His later local political interventions were notable too. One day, outrageously to many, he publicly provoked politicians by declaring at his treasonous best that he was a servant only of God, and no longer owed allegiance to civil authorities. We will remember that the churches in South Africa came close to this point of witnessing in the final years of apartheid.
Who will forget his astonishing peace pilgrimage to the African city of Damietta, in Egypt, where he created an international incident by interfering with the war plans of the opposing Christian and Muslim armies?

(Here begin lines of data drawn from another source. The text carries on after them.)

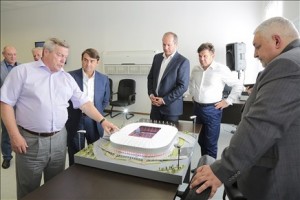 Василий Голубев и Игорь Левитин осмотрели строительство стадиона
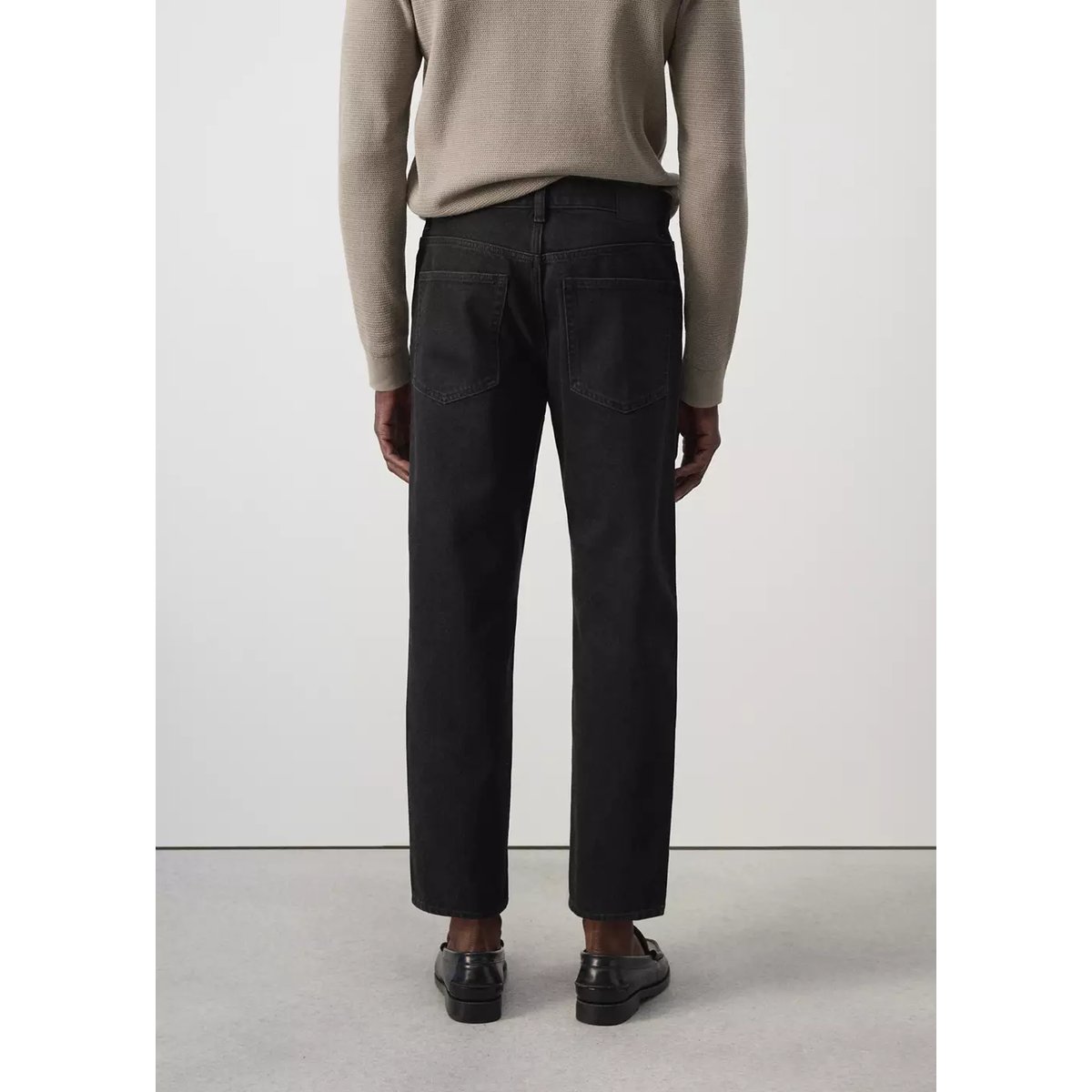 Jean Sammy court coupe carotte black denim, MANGO MAN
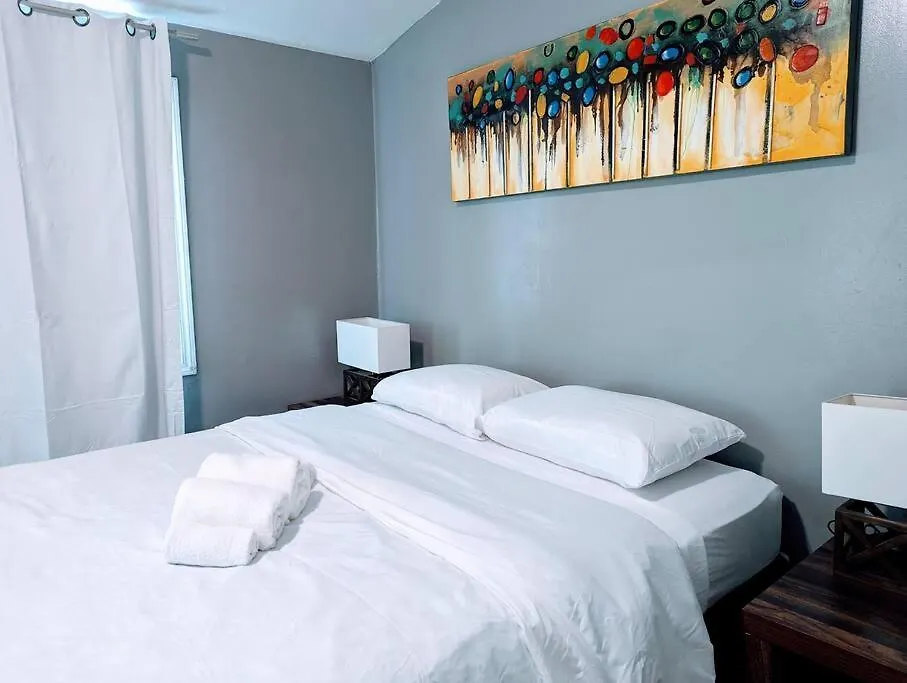 Main Floor 2 Beds Free Parking contacts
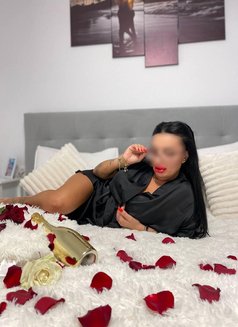 Queen of the Amber party. - escort in Bucharest Photo 6 of 8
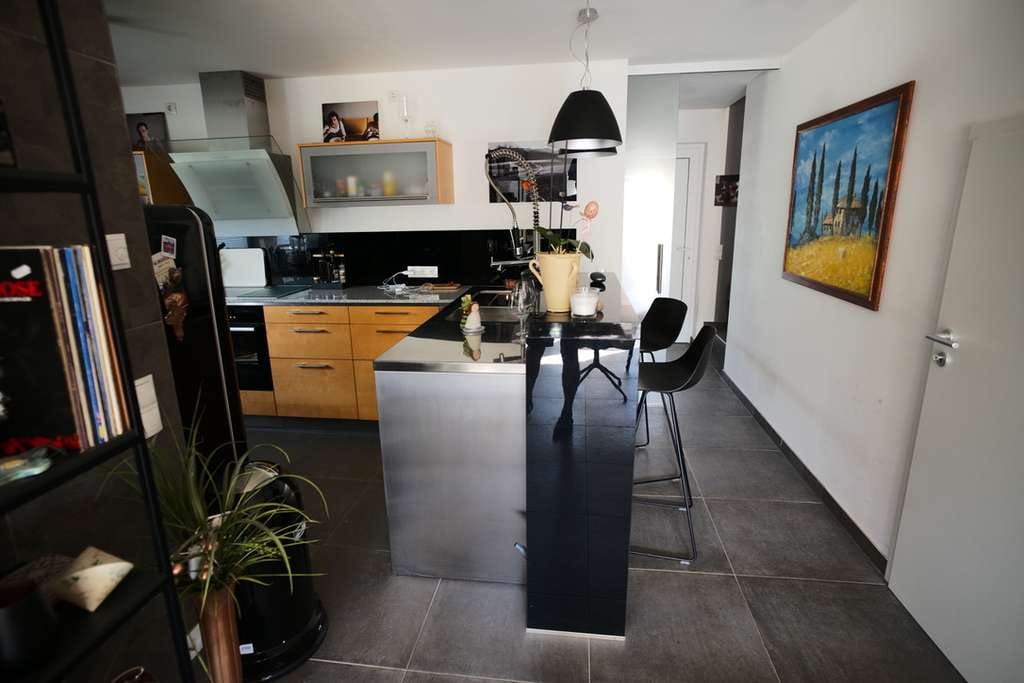 Immobilie in Bad Feilnbach - Exklusive 3,5-Zimmer Maisonette in Bad Feilnbach mit großem Balkon - Bild 3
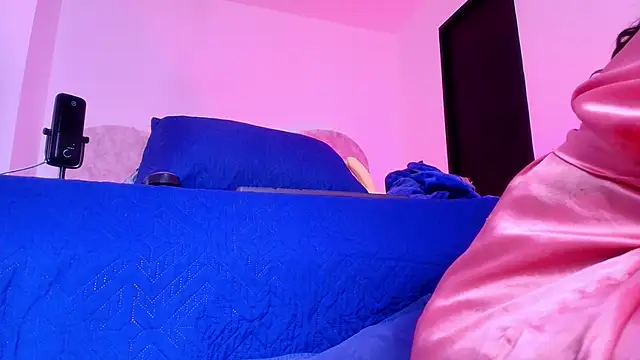 naomi kyse online show from December 3, 3:14 am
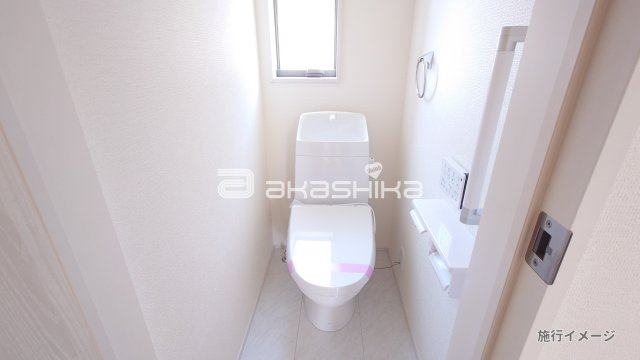 施工例：スッキリとしたデザインのトイレは見た目だけでなく、お手入れもしやすくて清潔な空間を保てます。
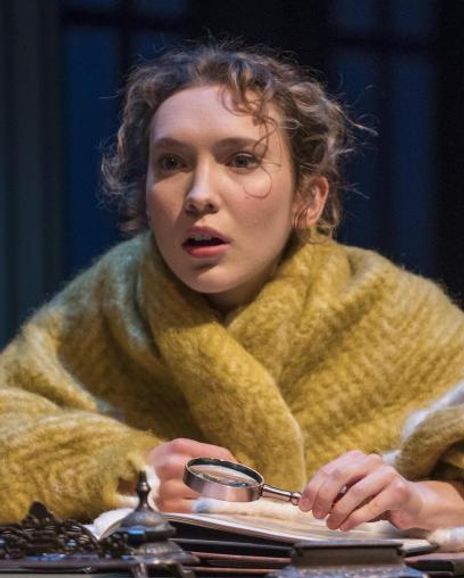 Rebecca Hurd Headshot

And where did the Church stand (in this case the hierarchical branch of the church)? What was the position of the Church, the place of the Church, in this dysfunctional society? What witness, if any, did the bishops and priests give? What was their role and vocation?

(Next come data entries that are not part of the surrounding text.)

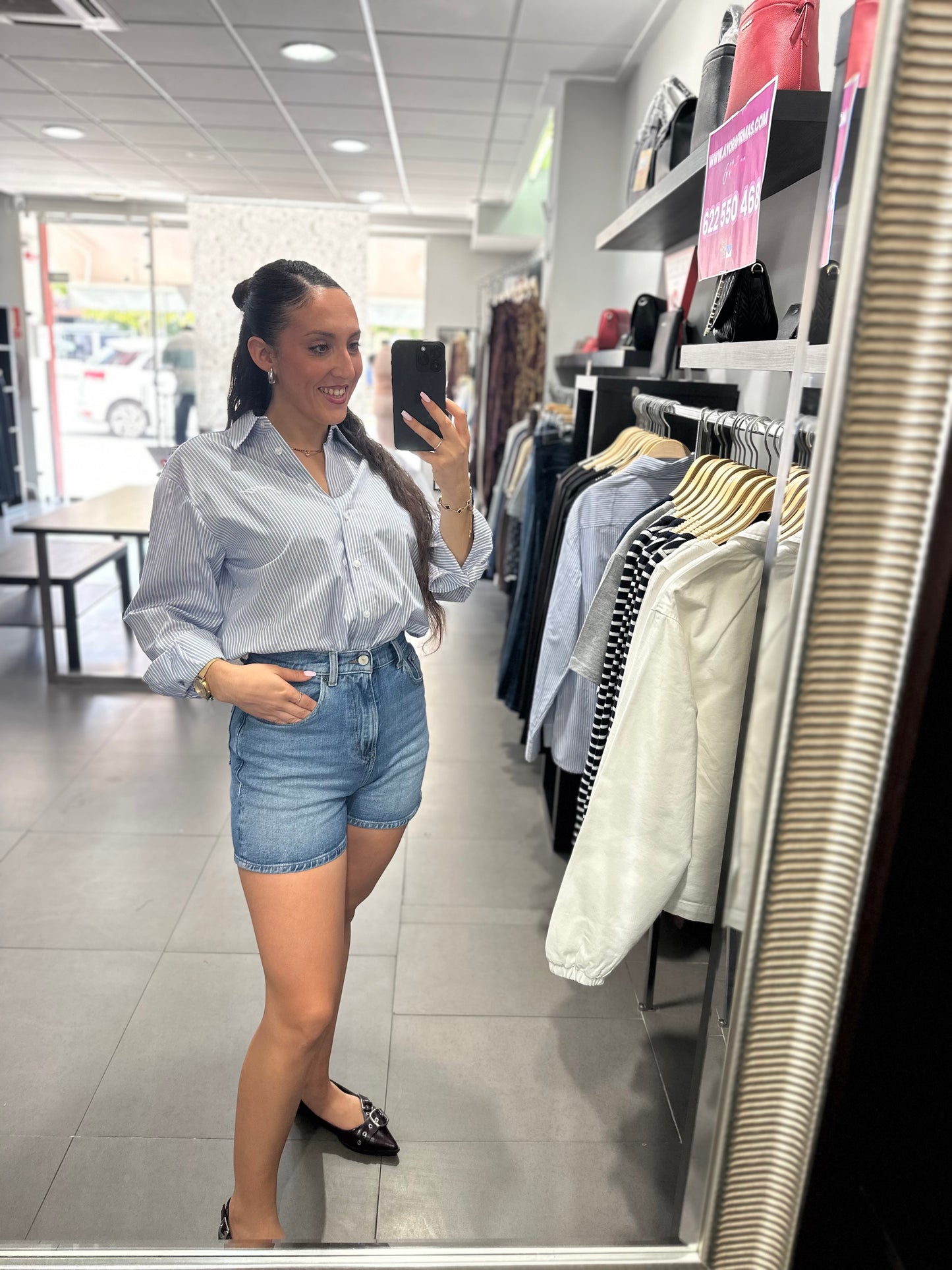 CAMISA GUESS OVERSICE RALLAS AZUL Y BLANCO CON LOGO BORDADO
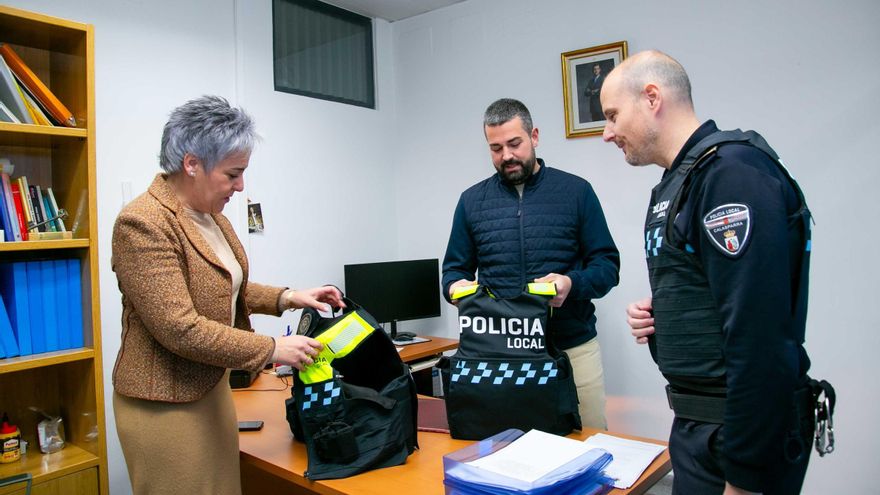 El Ayuntamiento de Calasparra dota a la Policía Local de nuevos chalecos antibalas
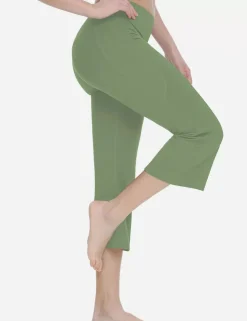 Baleaf Laureate Flared Capris^Women Capris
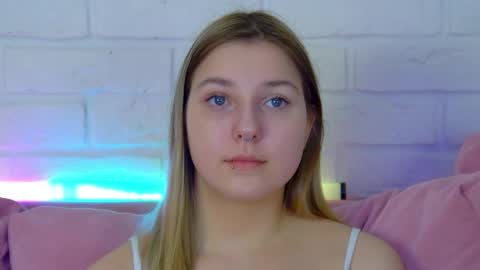 TinaBurton online show from April 2, 4:36 pm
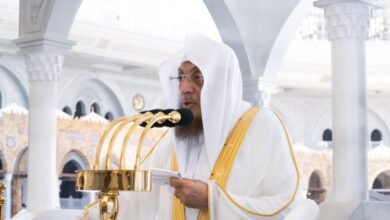 إمام وخطيب المسجد الحرام الشيخ أسامة خياط : القول الحسن والكَلِمُ الطيب، أدبٌ عالٍ أخذ الله به عباده جميعًا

Pope Benedict XVI, speaking of St Francis in February 2010, offered an interesting answer: The ruinous state of that Church was a symbol of the dramatic, disturbing situation of the entire Church of that age, with its superficial faith that did not form and transform peoples lives, and with a clergy that was not zealous.
The Church, Pope Benedict observed, was decomposing from within.

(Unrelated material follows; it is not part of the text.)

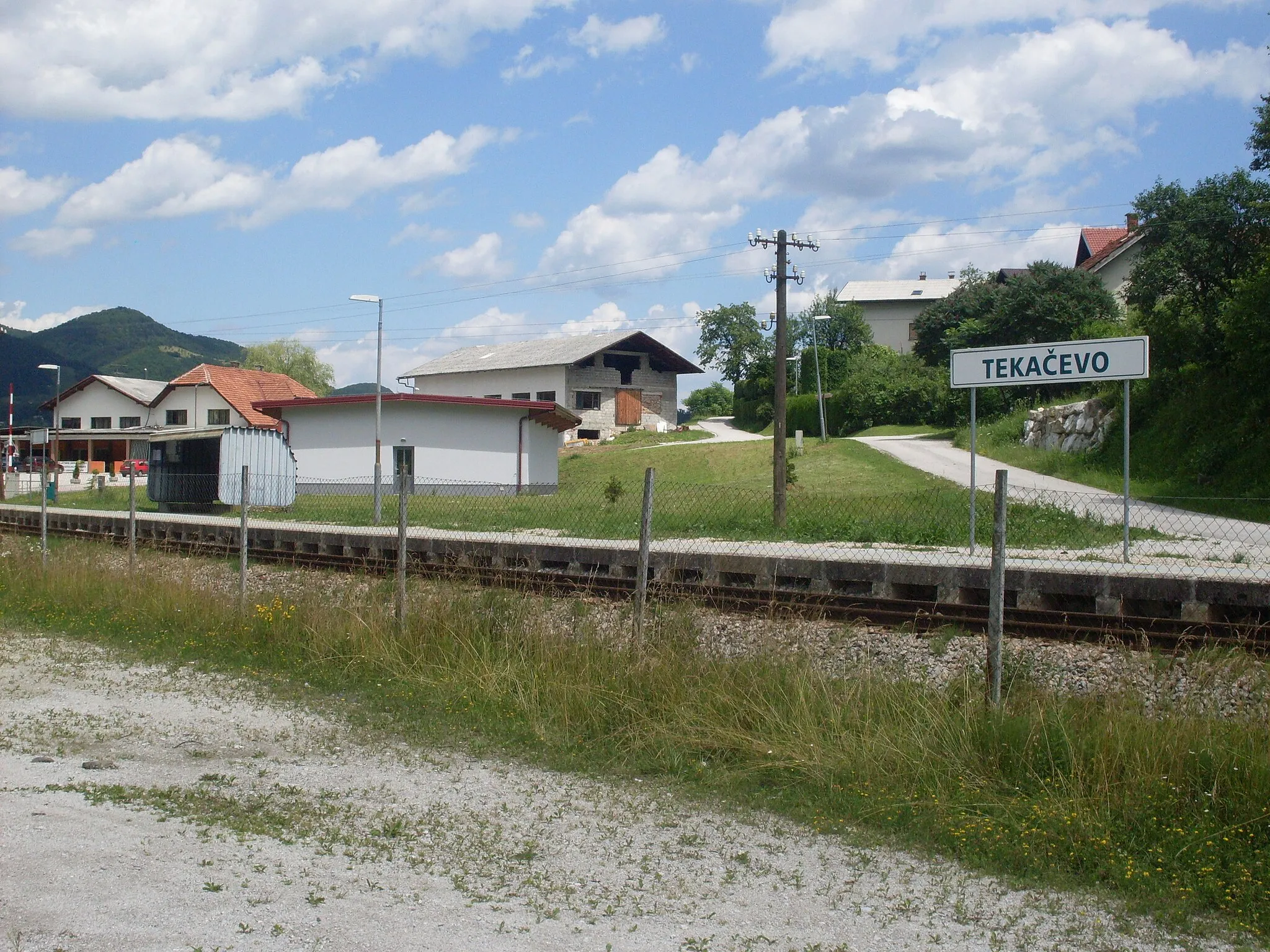Photo showing: Railway halt in Tekačevo (near Rogaška Slatina)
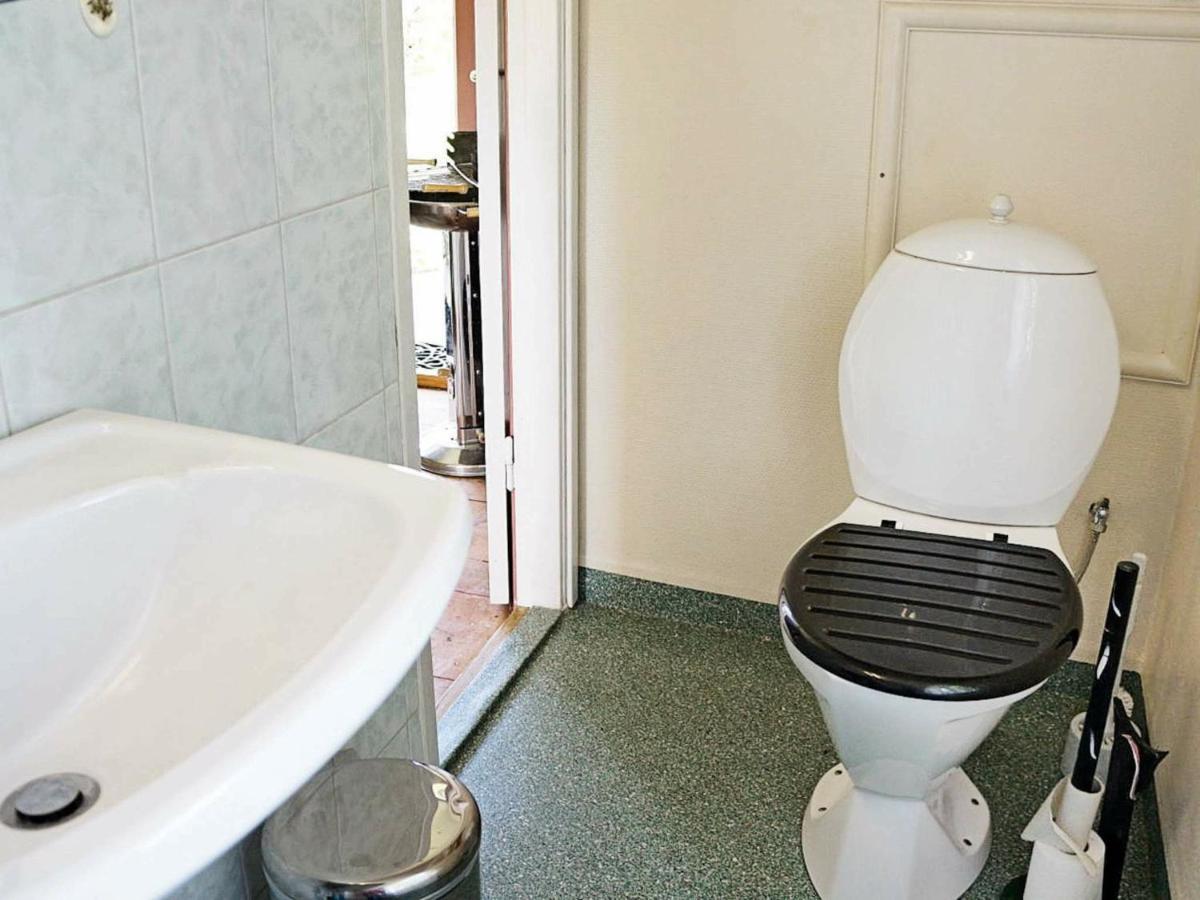 4 Person Holiday Home In Ankarsrum Hult  Habitación foto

Now think of the recent explosion of child abuse and corruption scandals which rock that same Church today. Did Francis abandon this decomposing Church, like so many today, when its human side showed signs of failure? Not Francis. He was made of something else. He had already submitted himself to Jesus as his Lord and Saviour. Nothing could budge that conviction, not even a corrupt and sinful clergy.
Furthermore, didn’t he admonish his friars to respect even the rotten priests by virtue of their priesthood and their ministry of the Eucharist? Counter-cultural indeed.
We live in the hope that God will continue to intervene, purge and purify his Church every time it needs it, whether by raising up people like St Francis or by sending the media legions to expose the accumulating evil within the ranks. But let us move on.
Because of his poetic and spiritual engagement with all creation, Francis was named patron saint of the environment in 1980. And look how crucially important that is today. Francis already knew that our world, our small blue planet in the midst of the vast Milky Way, is in truth a sacred sanctuary, a dwelling place for the divine.
Always hovering in the background was the beautiful, determined and unorthodox Clare, bent on becoming part of Francis’s growing movement.
No wilting lily she; one time she repelled attacking Muslims by raising a monstrance with the Blessed Sacrament over them. She insisted until her dying day that the pope approve her radically new rule for religious women. He gave in, defeated. It was an early victory for religious feminism.
It was at St Clares convent that Francis wrote The Canticle of the Creatures, a beautiful poem opening up in praise to all created things.
All serious students of Francis of Assisi agree that somehow he had succeeded in penetrating the mind of Christ better than most. This Francis-on-Christ phenomenon, distilled through his larger-than-life personality and his experience of conflict and violence has fascinated the world for 800 years.
And this is the world that speaks to Pope Francis.